I started on my way to being a playwright by loving acting. I did my first play in 5th grade. Around then I thought I was really good at it — and my teacher said I was really good at it.

Then I started reading a lot of plays and I became obsessed with plays.

But when I started working in the real world as an actor, I saw how limited work was — especially if you’re a young actor, a young boy and you’re 6’ 5”. You can’t really work as a kid and most people want you to play someone’s son but if you’re taller than everyone it doesn’t make sense for them.

So I started writing my own work so they would take me seriously. I was 18 then.

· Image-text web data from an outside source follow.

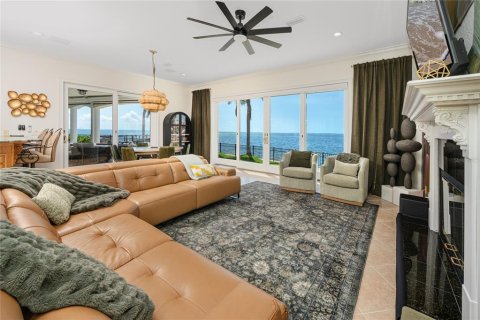 Casa en venta en Saint Petersburg, Florida, 4 dormitorios, 387.22 m2 № 1622590 - foto 23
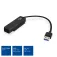 Act AC1510 USB-sovitin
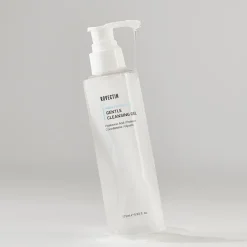Aqua Hydration Gentle Cleansing Gel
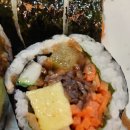 바오김밥 - 수성구 고산로18길 19 | 바오김밥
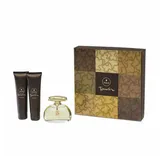 100 ml + Body Lotion 100 ml + Shower Gel 100 ml Geschenkset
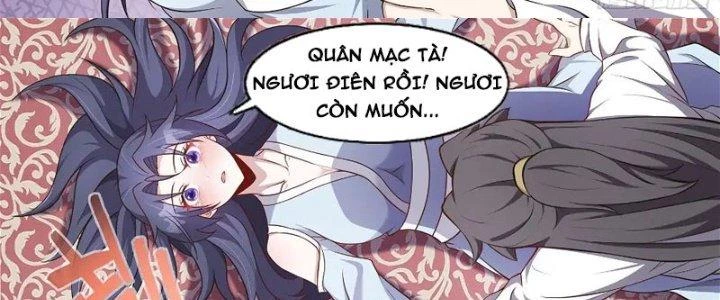 Dị Thế Tà Quân Chapter 218 - Trang 4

Writing for myself was how I first learned I was good at writing for other people. So I just kept on doing it.

 

Much more about writing 

You know, acting is doing, and Shakespeare started out as an actor … and I think there’s something about knowing very deeply the stories you want to see; and knowing as an actor the stories you want to portray makes it very easy to write it down on the paper because you’re just imagining a situation you want to be in.

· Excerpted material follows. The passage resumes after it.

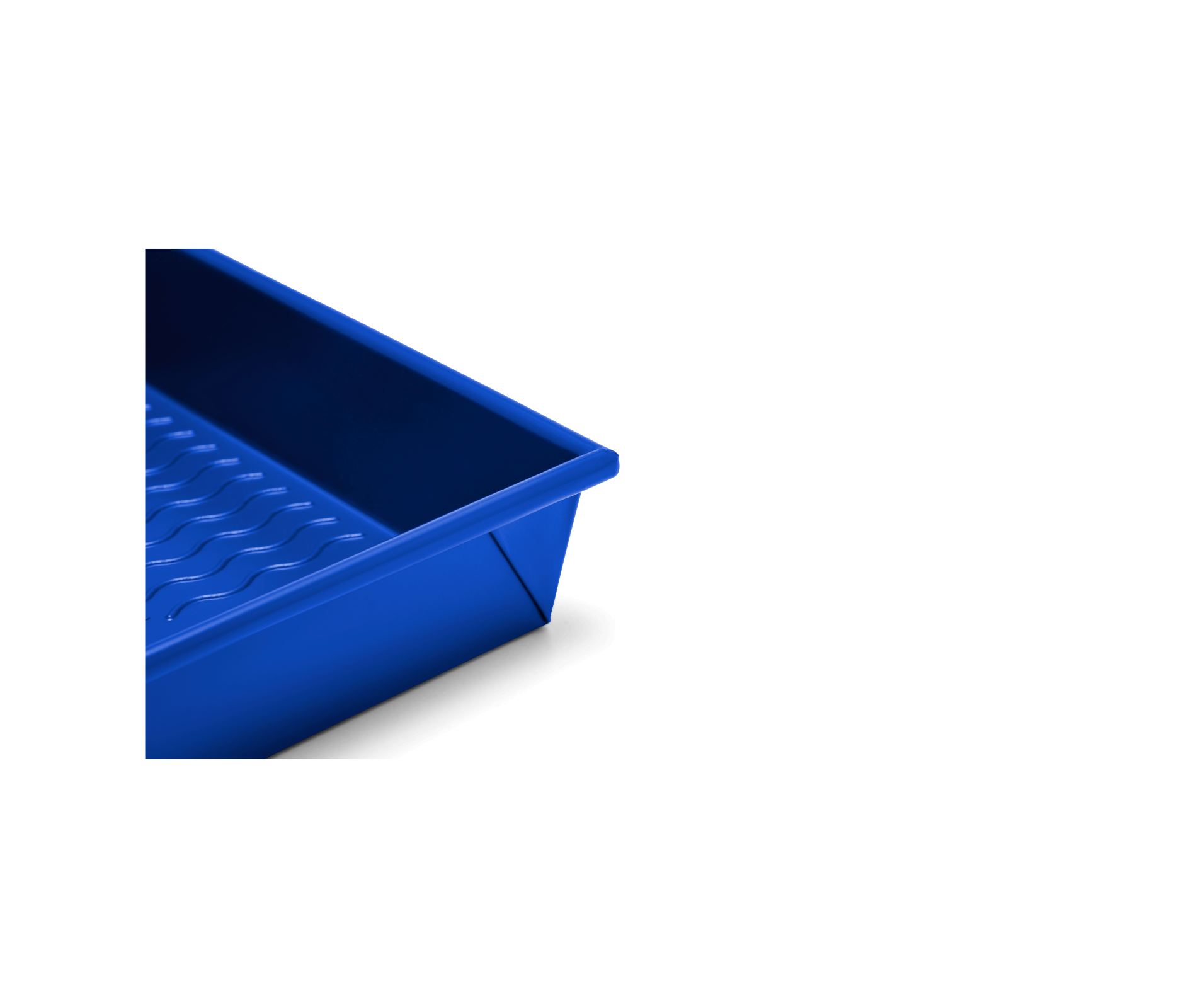 SquareOne_Blueberry_4.png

For example with “Daddy” I always wanted to be in a play where I was the center of attention … who had a psychic break like what happened to Miss Julie (in August Strindberg’s play of the same name) or like an ingenue in those great 19th-century plays, because usually when you’re a boy they expect you to be strong the entire play.

But I was like “No, I want to have a breakdown” … I want to be tender … I want to have a love scene.” So I wrote all that into a play.

There aren’t many plays like that, especially not about black boys, and not about gay boys either.

I wanted to create works like that or that felt like that inside of the canon, or akin to those works like “Miss Julie” or “A Doll’s House.”

But for me it felt very important.

 

Down but looking up

For the most part of my career as a young artist I didn’t have a real career. I was working doing very minor acting jobs.

I got my real career by writing a play for other people.  

I was homeless basically before I wrote “Slave Play” … I was sleeping on friends’ couches; I couldn’t afford rent and I was doing all kinds of small jobs. But when I decided to focus on writing a play, I knew I couldn’t do that while doing all those small jobs.

 

About “Daddy”

 

I wrote “Daddy” in six months. I was dreaming of a future for myself on the page; thinking that one day I may be a famous artist. But hopefully I wouldn’t have to compromise my soul.

I wrote a play about what if I do compromise my soul; what will I lose; what will it take from me. And not to spoil it for anybody, but in the end of this play Franklin loses his mother and his friends and he’s left with nothing except the art he’s made, his play, and that’s sort of a tragedy and I didn’t want that for myself.

“Daddy” set me free and I got off the couch and it was my writing sample to get into graduate school at Yale School of Drama, and then again for the “Zola” movie that’s coming out to show the producers I could write a screenplay.

 

Refracting on Yale

 

At Yale I wrote “Slave Play” and that opened every door and I wrote that in the last year I was at grad school and I graduated a week after interviewing Rihanna for the cover of T magazine [The New York Times Style Magazine]. On the day of my graduation that cover came out and I found out my play was going to Broadway. Then I immediately left graduate school having started it homeless, but by then with an apartment in New York City and knowing I was going to have money for the rest of the year.

So, whereas I wrote “Daddy” before Yale, to get in, I think “Slave Play” has a lot of my Yale experience in it.

But in a lot of ways “Daddy” was like a metaphor of me going to Yale, because “Daddy” was like my Andre — and Yale was my like Daddy, though historically Yale was a white male-dominated school for a long time and women weren’t allowed to go there, and black people weren’t allowed to go there.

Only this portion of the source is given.